Tag: Office 15

  • Dynamics CRM roadmap for Fall 2012 release and beyond (the road to Metro)

    After the unfortunate delay announcement of R8 / Q2 2012 Service Update planned functionality into Q4 2012 (cross-browser and mobile, read it all here), we have some more upbeat news regarding the future of Microsoft Dynamics CRM. As of now there is no official document available on this information, but the screenshots from World Partner Conference 2012 (WPC) already give us plenty of new information and reasons to get excited about the road ahead. Without further ado, here’s what the future releases of Dynamics CRM are planned to contain:

    Click here for a bigger version of the picture. Now, let’s break this roadmap slide down into pieces so we can better digest the contents.
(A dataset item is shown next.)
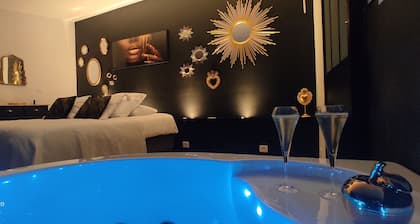 Accommodation with a landscaped patio with trees. Ideal for a moment for two.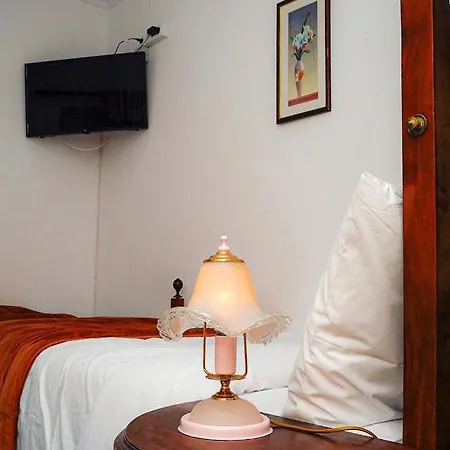 Residencial Airside Palace Penzion 3*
    No more references to “Q4 2012 Service Update”, R9 etc. Instead we now have the functionality placed into Fall 2012, Winter 2013 and Spring 2013 updates. Whether this is the official new naming policy for Dynamics CRM updates remains to be seen.

    “Refresh” UI coming to the browser client presumably in Fall 2012 update. These UI changes have now been merged with the cross-browser support, which was delayed from Q2 2012 to Q4 2012. The new UI will have a Metro feel to it, but it won’t be an actual Metro app. Simplified appearance with less colors seems to be the way to go here. If you’ve seen the leaked Office 15 screenshots, that’s probably where CRM is going as well.

    Office 15 (Office 2013) compatibility in Fall 2012, enhancements during Winter 2013. Since we don’t have a beta of Office 2013 available, the future functionality is unconfirmed, but I’d imagine CRM to integrate with the Agaves feature, for example. Making the CRM client compatible with Outlook 2013 should be an obvious deliverable here.

    Process driven UI, to be launched in Fall 2012 update and developed further in consecutive releases. The demo from WPC shows a persistent process “timeline” graphic on top of the lead form, which visualizes the stage the record is in and he information & actions required in that stage. What’s interesting is that this process in the demo flows seamlessly from a lead record onto an opportunity record. This looks like a highly interesting new feature that will hopefully allow us to make workflow and dialog processes as well as status reason data easier for the CRM user to understand and interact with. Also notice how the lead entity form in the demo presents fields and subgrids in several columns side by side, with the form navigation collapsed.

    Metro CRM app preview in Winter 2013, full release in Spring 2013. Yes, the real deal, not just a generic Dynamics app we’ve seen in the keynote demos in Convergence 2012 and now WPC 2012. CRM reimagined.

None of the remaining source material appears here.